Transcribe exactly, and only, the lines running from the one with "Fiat 500 1.0 Hybrid 70CV Club - Santander" to the end of the entries below, both included, without any pictures.

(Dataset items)
*** Block opens ***
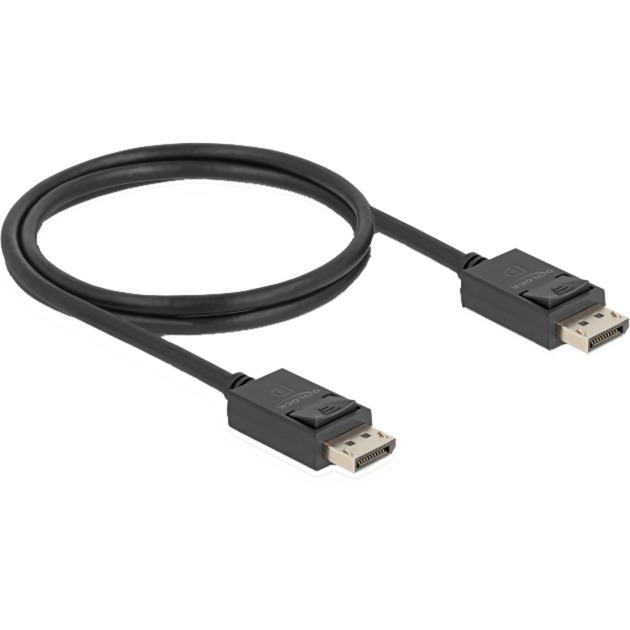 Kabel DisplayPort 2.1 Stecker > DisplayPort Stecker, 16K, 80 Gbps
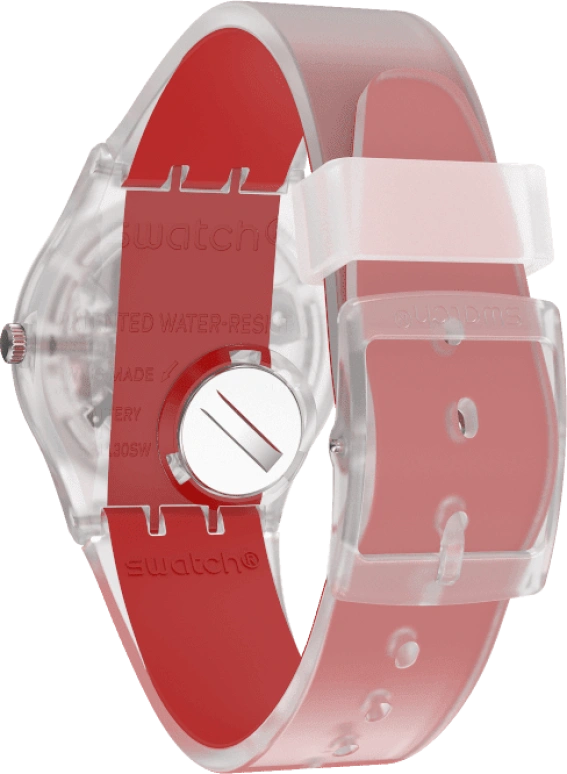 Swatch,CLEAR 34mm,34mm,Open,GE292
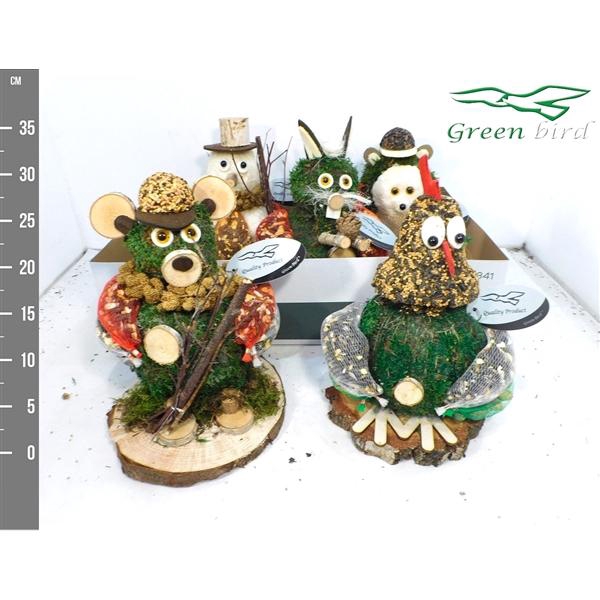 <h4>Dieren mos berk winter mix</h4>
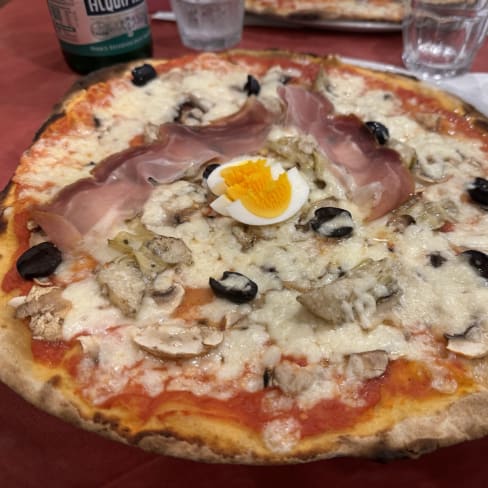 Strick And White® [La Taverna della Pizza], Rome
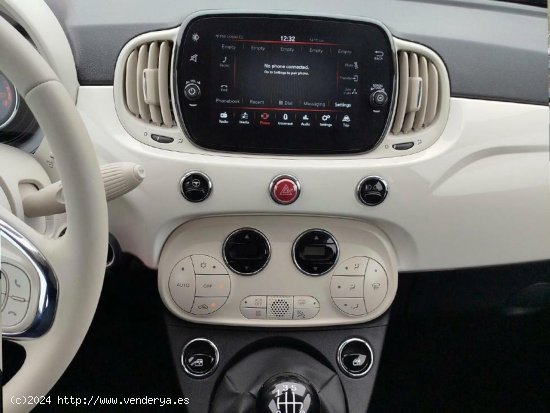 Fiat 500 1.0 Hybrid 70CV Club - Santander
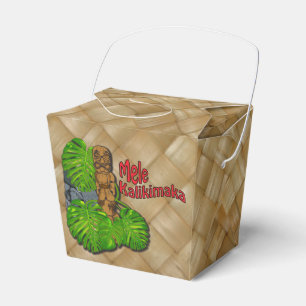 Ballotins Noël hawaïen de Tiki Mele Kalikimaka sortent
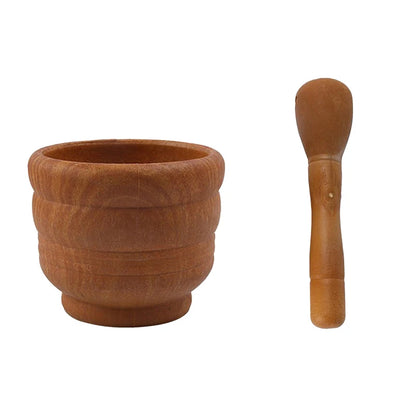 Manual Garlic Grinder & Masher – Household Garlic Press Mortar Bowl for Crushing, Mashing & Pounding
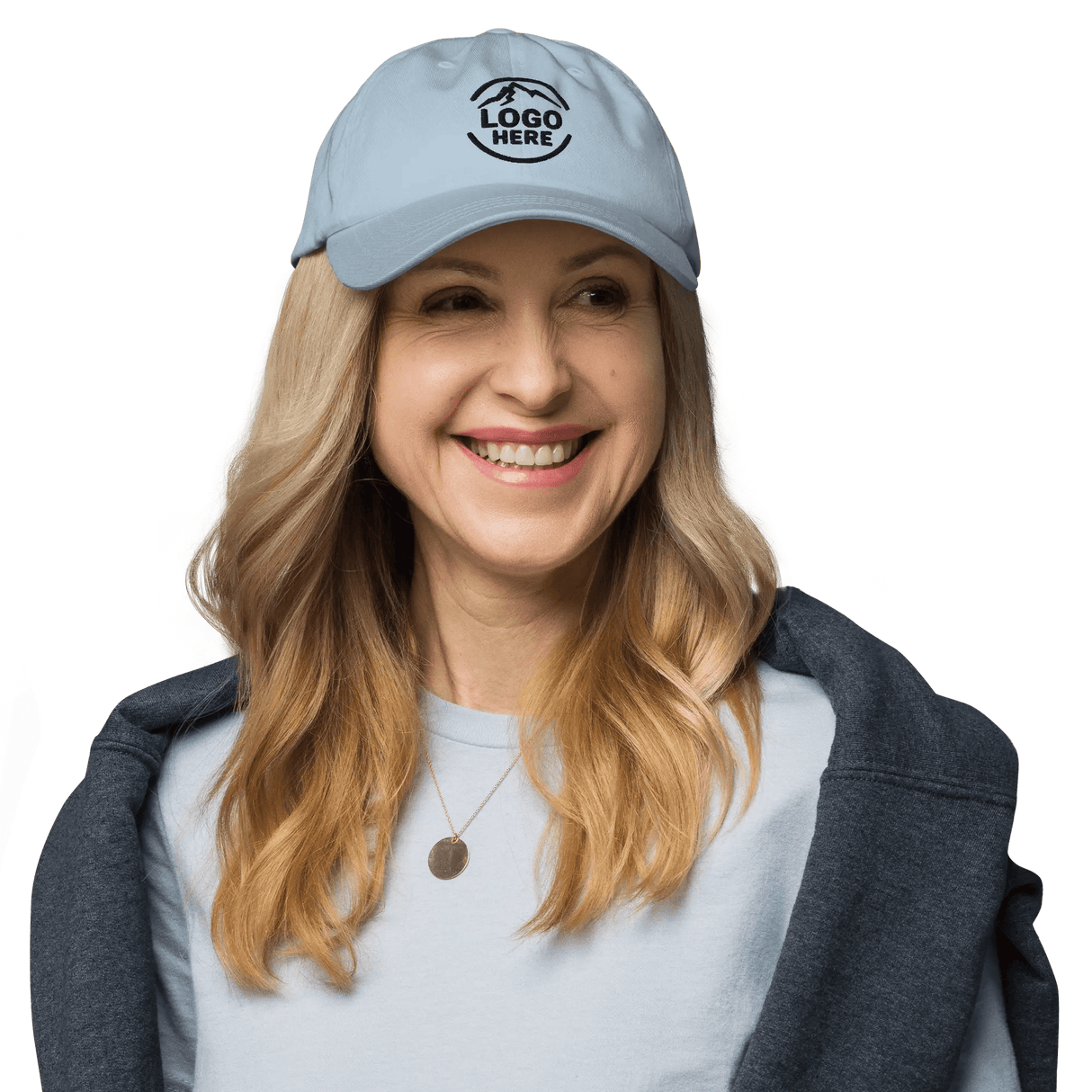 Custom Women's Yupoong Embroidered Dad Hat - Arklavo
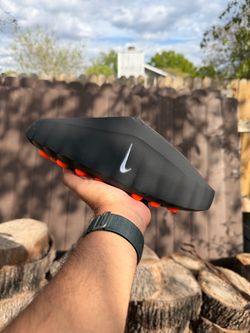 Nike Mind 001 Slides “Black Chrome” sz 10 DS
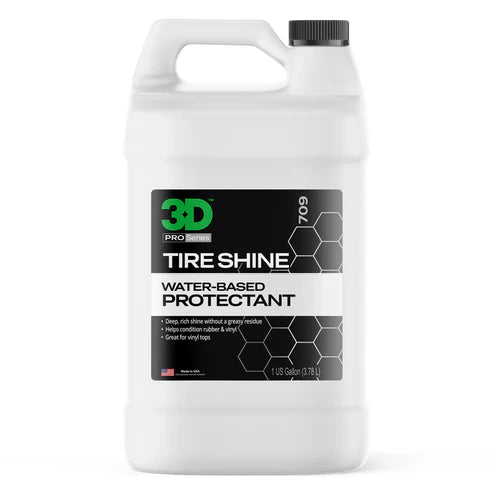 3D Tire Shine
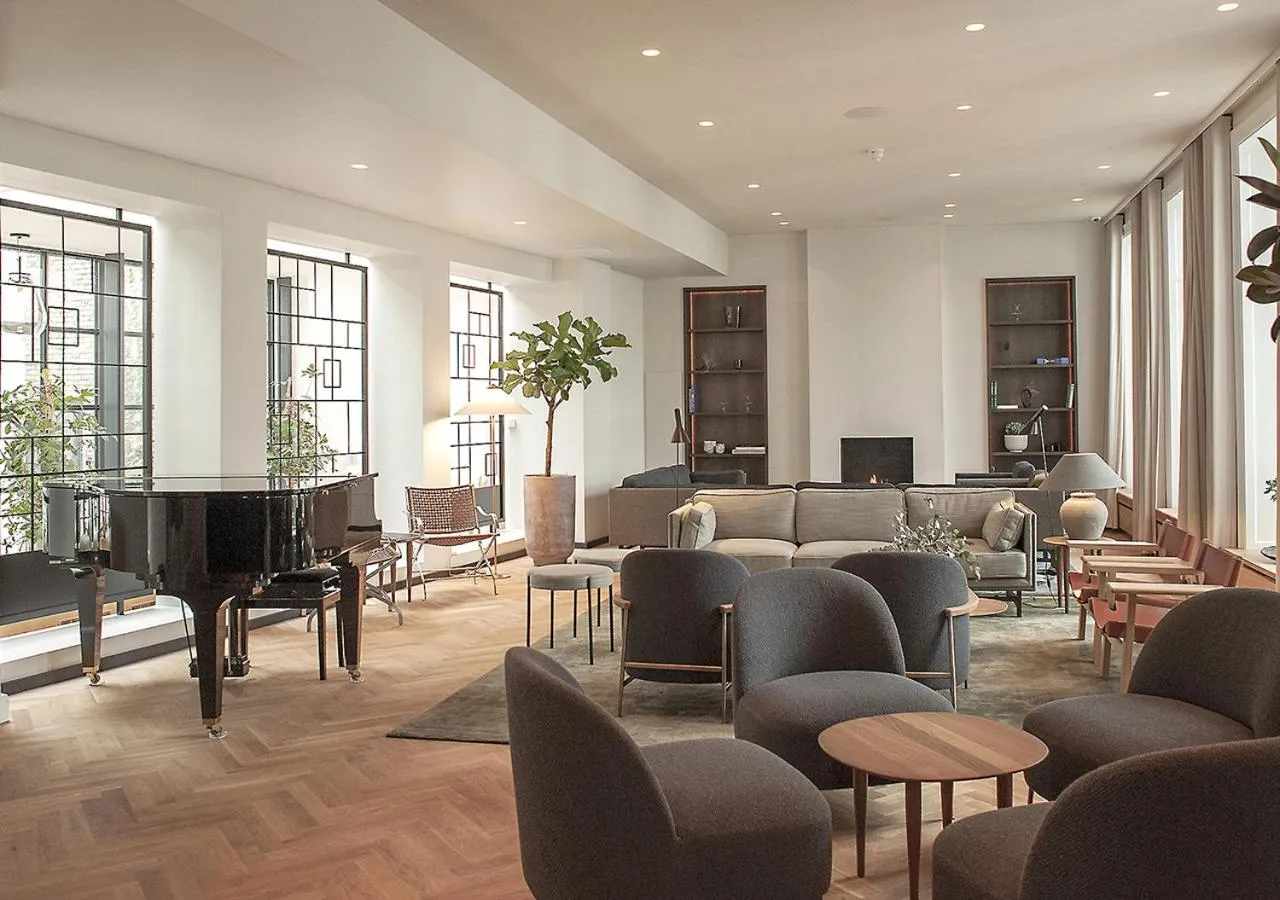 Living room in Hotel Kong Arthur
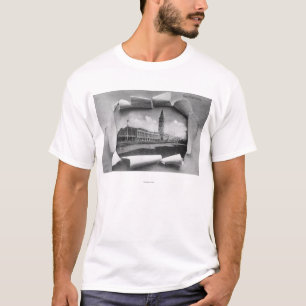 Exterior View of the Ferry Station T-Shirt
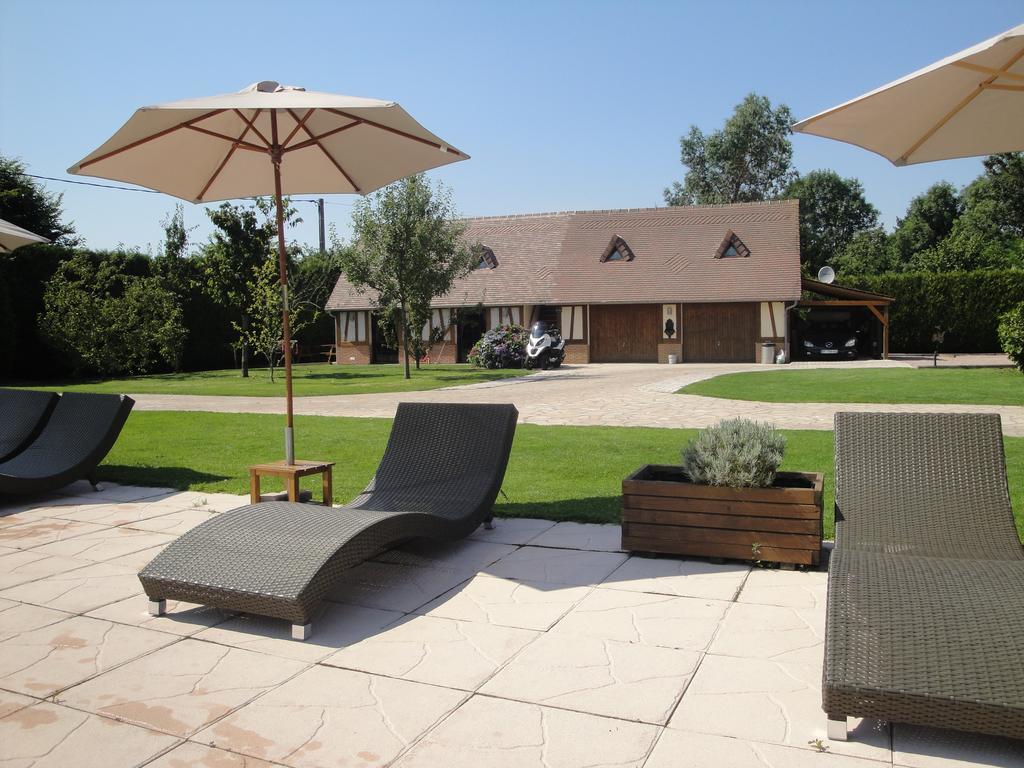 Gites Les Colombages Fatouville-Grestain ภายนอก รูปภาพ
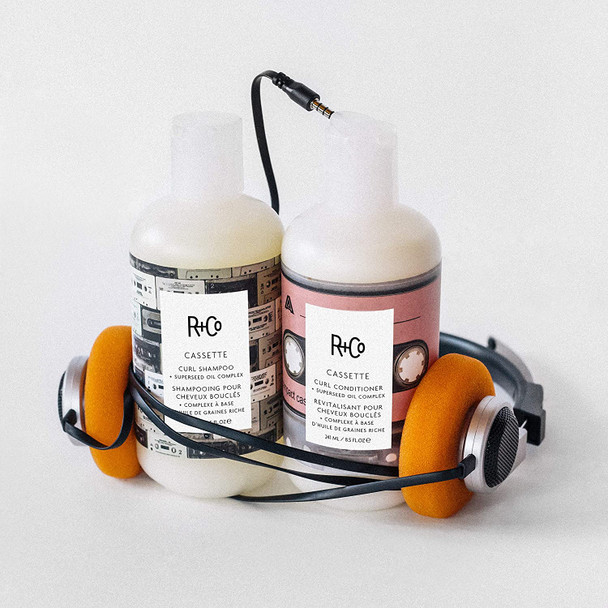 R+Co Cassette Curl Shampoo + Superseed Oil Complex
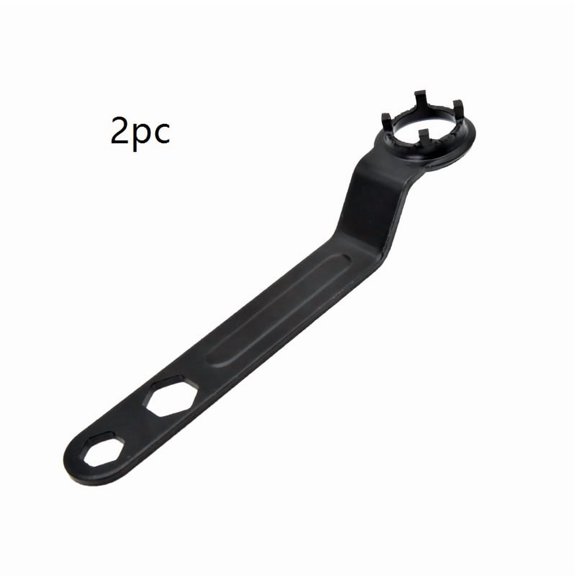 Specialized 4-Jaw Disassembly Wrench for Angle Grinders 2-Piece Set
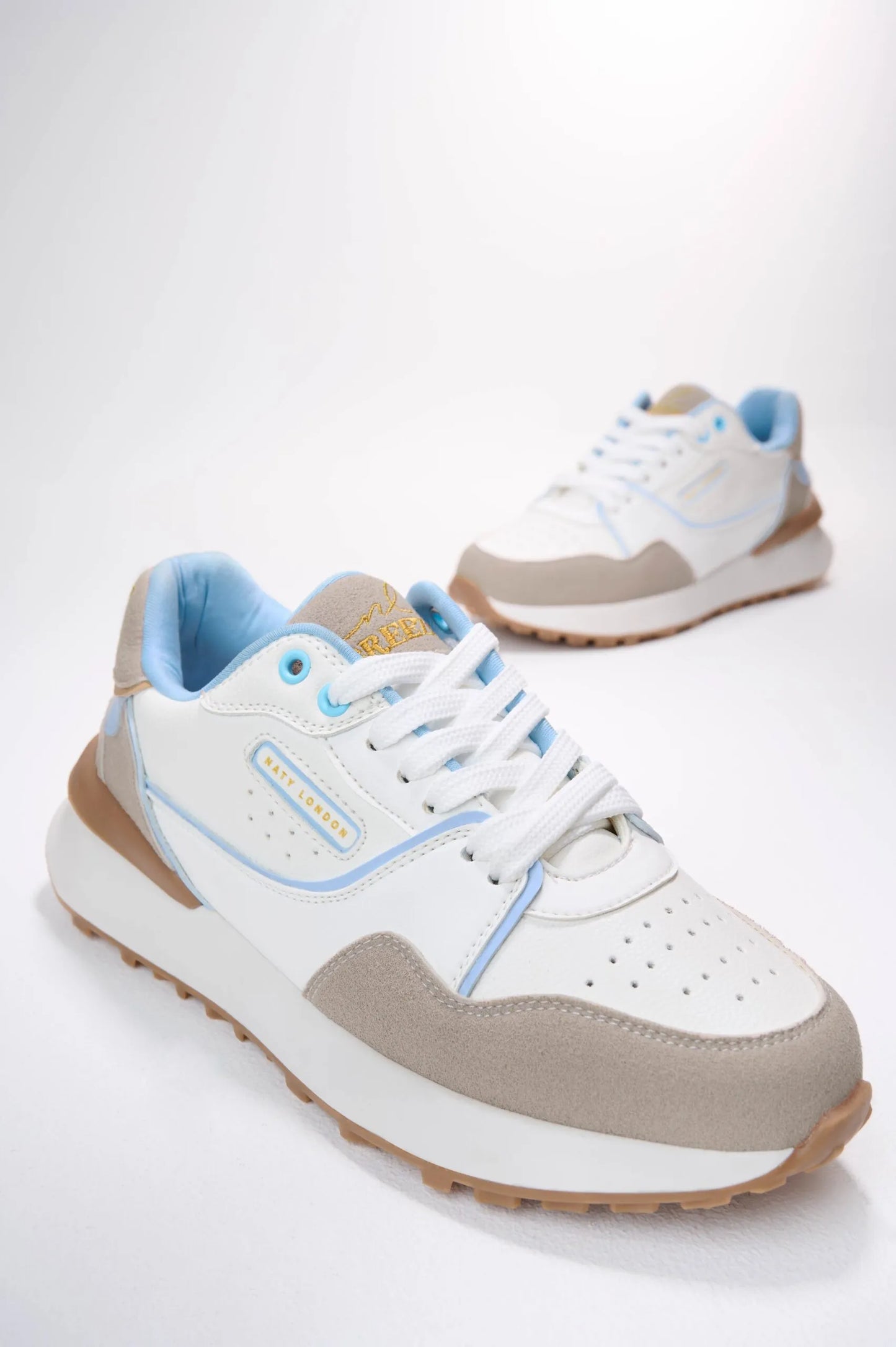 Tenis Breeze Baby Blue T-37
*** Block closes ***
__Exercise output__:
 Fiat 500 1.0 Hybrid 70CV Club - Santander
 Ballotins Noël hawaïen de Tiki Mele Kalikimaka sortent
 Manual Garlic Grinder & Masher – Household Garlic Press Mortar Bowl for Crushing, Mashing & Pounding
 Custom Women's Yupoong Embroidered Dad Hat - Arklavo
 Nike Mind 001 Slides “Black Chrome” sz 10 DS
 3D Tire Shine
 Living room in Hotel Kong Arthur
 Exterior View of the Ferry Station T-Shirt
 Gites Les Colombages Fatouville-Grestain ภายนอก รูปภาพ
 R+Co Cassette Curl Shampoo + Superseed Oil Complex
 Specialized 4-Jaw Disassembly Wrench for Angle Grinders 2-Piece Set
 Tenis Breeze Baby Blue T-37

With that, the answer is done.